Required work
Write out once more the lines running from the top of the entries below to the line with "Lantern Pinhead", both ends included.

Source data
--- --- ---

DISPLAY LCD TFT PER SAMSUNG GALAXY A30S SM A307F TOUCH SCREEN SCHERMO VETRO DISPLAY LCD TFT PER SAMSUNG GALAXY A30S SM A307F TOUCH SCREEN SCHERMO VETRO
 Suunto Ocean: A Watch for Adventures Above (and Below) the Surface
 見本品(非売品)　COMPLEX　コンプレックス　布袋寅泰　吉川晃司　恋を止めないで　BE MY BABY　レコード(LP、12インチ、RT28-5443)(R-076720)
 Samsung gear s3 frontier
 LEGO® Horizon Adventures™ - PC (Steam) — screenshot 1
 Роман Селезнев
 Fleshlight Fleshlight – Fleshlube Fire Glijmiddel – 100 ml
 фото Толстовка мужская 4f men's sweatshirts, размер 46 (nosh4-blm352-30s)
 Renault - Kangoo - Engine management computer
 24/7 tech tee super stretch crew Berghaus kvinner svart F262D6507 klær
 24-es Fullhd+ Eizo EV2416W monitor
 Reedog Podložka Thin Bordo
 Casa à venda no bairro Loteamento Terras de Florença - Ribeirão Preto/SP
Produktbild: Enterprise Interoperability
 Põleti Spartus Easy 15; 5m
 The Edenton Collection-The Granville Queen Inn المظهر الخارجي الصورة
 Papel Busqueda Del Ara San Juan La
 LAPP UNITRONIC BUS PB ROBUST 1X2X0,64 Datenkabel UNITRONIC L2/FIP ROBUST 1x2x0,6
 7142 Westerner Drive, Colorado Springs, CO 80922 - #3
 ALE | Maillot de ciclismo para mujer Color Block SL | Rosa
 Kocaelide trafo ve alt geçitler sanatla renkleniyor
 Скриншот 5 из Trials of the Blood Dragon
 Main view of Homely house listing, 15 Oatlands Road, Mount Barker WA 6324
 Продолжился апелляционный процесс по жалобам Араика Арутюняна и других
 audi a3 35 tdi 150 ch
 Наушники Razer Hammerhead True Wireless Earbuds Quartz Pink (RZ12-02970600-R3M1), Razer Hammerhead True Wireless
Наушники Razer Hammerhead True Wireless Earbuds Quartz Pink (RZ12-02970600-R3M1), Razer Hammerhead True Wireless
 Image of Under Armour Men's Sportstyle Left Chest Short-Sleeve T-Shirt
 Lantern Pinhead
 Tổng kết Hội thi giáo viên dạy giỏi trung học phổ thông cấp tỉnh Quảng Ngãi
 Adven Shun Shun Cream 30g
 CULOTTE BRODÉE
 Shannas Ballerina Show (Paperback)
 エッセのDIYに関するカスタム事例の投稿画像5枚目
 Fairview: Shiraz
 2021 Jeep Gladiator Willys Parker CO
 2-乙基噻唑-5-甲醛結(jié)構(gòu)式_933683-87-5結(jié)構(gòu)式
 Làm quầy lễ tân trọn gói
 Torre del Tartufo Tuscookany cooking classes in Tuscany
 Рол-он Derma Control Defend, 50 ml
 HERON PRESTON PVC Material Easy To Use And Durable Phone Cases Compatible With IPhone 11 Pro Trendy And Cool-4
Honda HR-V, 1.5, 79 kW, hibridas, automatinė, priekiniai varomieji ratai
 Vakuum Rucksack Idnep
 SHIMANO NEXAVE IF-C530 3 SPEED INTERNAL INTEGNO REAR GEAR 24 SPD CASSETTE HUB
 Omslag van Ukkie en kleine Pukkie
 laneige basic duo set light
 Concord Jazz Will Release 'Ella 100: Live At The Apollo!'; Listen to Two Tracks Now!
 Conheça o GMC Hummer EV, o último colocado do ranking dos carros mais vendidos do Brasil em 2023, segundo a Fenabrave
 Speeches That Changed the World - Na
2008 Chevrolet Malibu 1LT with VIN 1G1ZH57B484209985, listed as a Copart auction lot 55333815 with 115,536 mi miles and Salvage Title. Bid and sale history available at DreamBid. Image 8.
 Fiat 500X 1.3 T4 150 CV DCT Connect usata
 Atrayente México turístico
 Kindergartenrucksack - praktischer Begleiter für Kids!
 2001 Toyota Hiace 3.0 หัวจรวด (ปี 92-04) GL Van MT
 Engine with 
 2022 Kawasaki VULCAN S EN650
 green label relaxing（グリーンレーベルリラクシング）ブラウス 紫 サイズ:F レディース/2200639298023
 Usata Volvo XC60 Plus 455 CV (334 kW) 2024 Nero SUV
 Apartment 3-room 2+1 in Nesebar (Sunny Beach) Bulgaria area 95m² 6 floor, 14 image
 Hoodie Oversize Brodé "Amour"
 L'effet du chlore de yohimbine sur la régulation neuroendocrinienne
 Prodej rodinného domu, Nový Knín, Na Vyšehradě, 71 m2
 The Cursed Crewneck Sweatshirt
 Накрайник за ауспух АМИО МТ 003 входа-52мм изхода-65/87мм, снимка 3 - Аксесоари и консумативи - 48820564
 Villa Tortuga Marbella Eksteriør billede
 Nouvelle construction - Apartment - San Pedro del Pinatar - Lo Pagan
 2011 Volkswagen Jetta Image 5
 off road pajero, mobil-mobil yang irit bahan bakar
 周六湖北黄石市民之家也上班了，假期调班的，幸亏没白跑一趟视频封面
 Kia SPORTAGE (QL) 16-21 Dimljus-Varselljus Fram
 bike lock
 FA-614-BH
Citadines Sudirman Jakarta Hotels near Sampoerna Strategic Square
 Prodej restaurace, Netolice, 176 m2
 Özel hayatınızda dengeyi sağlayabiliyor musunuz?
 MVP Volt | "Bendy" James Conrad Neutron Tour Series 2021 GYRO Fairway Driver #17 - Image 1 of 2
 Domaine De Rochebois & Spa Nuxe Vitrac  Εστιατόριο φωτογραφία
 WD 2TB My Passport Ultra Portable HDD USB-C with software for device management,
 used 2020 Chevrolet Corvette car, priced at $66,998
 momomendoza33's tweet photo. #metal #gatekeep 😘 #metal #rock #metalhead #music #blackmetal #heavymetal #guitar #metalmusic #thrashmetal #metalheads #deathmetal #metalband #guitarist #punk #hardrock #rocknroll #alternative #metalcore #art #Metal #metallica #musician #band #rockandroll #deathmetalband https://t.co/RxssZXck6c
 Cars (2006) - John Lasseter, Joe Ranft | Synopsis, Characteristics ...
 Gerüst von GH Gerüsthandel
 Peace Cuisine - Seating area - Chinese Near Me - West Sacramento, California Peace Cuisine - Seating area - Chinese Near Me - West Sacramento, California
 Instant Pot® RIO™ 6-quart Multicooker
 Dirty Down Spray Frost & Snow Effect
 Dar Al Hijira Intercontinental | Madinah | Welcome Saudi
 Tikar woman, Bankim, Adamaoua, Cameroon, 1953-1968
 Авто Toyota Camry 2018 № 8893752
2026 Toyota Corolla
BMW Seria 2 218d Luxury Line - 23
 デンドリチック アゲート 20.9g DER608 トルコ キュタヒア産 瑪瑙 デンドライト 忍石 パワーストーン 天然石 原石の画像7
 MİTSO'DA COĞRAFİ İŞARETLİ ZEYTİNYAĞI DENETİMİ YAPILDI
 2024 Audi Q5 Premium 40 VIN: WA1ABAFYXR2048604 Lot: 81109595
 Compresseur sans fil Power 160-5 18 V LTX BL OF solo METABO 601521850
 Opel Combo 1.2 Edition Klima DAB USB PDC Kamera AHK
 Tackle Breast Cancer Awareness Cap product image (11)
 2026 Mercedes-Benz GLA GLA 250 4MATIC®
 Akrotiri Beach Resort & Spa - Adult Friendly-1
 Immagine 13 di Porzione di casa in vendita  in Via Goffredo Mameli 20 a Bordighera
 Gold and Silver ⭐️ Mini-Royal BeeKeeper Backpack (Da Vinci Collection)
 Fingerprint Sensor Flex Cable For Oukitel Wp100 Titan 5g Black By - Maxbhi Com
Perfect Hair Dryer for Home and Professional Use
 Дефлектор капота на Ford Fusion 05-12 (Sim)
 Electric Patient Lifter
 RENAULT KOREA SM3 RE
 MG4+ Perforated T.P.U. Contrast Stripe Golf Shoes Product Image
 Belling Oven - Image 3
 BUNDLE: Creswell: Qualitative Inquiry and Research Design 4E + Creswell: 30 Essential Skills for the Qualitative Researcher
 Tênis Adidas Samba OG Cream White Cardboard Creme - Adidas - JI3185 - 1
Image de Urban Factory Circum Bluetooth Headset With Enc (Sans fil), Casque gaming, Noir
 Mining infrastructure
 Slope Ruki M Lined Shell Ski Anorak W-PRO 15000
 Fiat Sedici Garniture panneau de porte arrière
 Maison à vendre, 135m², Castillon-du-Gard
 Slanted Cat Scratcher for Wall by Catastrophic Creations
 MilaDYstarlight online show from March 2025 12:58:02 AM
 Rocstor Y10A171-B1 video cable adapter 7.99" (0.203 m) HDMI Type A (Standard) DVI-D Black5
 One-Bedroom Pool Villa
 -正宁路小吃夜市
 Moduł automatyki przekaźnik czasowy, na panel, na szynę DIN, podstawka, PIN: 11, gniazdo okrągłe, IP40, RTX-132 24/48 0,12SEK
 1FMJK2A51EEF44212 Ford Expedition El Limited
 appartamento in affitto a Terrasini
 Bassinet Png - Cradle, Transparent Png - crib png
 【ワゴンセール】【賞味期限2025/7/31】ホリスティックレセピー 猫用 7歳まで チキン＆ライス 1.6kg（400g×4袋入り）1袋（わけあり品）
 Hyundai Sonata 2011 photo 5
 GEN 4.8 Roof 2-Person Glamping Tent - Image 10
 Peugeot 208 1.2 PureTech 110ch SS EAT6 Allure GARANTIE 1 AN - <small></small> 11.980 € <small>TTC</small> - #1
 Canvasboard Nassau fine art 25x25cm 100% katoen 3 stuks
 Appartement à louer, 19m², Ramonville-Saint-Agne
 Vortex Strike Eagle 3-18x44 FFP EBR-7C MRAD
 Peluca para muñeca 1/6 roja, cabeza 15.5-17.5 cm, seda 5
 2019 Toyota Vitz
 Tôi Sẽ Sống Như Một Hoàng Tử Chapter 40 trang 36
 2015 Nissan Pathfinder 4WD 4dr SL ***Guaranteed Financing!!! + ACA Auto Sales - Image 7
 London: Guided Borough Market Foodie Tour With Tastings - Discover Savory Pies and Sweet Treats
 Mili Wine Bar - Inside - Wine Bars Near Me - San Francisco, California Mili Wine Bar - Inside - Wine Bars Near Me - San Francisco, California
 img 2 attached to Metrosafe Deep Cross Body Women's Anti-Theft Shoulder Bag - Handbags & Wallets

--- --- ---

Solution
DISPLAY LCD TFT PER SAMSUNG GALAXY A30S SM A307F TOUCH SCREEN SCHERMO VETRO DISPLAY LCD TFT PER SAMSUNG GALAXY A30S SM A307F TOUCH SCREEN SCHERMO VETRO
 Suunto Ocean: A Watch for Adventures Above (and Below) the Surface
 見本品(非売品)　COMPLEX　コンプレックス　布袋寅泰　吉川晃司　恋を止めないで　BE MY BABY　レコード(LP、12インチ、RT28-5443)(R-076720)
 Samsung gear s3 frontier
 LEGO® Horizon Adventures™ - PC (Steam) — screenshot 1
 Роман Селезнев
 Fleshlight Fleshlight – Fleshlube Fire Glijmiddel – 100 ml
 фото Толстовка мужская 4f men's sweatshirts, размер 46 (nosh4-blm352-30s)
 Renault - Kangoo - Engine management computer
 24/7 tech tee super stretch crew Berghaus kvinner svart F262D6507 klær
 24-es Fullhd+ Eizo EV2416W monitor
 Reedog Podložka Thin Bordo
 Casa à venda no bairro Loteamento Terras de Florença - Ribeirão Preto/SP
Produktbild: Enterprise Interoperability
 Põleti Spartus Easy 15; 5m
 The Edenton Collection-The Granville Queen Inn المظهر الخارجي الصورة
 Papel Busqueda Del Ara San Juan La
 LAPP UNITRONIC BUS PB ROBUST 1X2X0,64 Datenkabel UNITRONIC L2/FIP ROBUST 1x2x0,6
 7142 Westerner Drive, Colorado Springs, CO 80922 - #3
 ALE | Maillot de ciclismo para mujer Color Block SL | Rosa
 Kocaelide trafo ve alt geçitler sanatla renkleniyor
 Скриншот 5 из Trials of the Blood Dragon
 Main view of Homely house listing, 15 Oatlands Road, Mount Barker WA 6324
 Продолжился апелляционный процесс по жалобам Араика Арутюняна и других
 audi a3 35 tdi 150 ch
 Наушники Razer Hammerhead True Wireless Earbuds Quartz Pink (RZ12-02970600-R3M1), Razer Hammerhead True Wireless
Наушники Razer Hammerhead True Wireless Earbuds Quartz Pink (RZ12-02970600-R3M1), Razer Hammerhead True Wireless
 Image of Under Armour Men's Sportstyle Left Chest Short-Sleeve T-Shirt
 Lantern Pinhead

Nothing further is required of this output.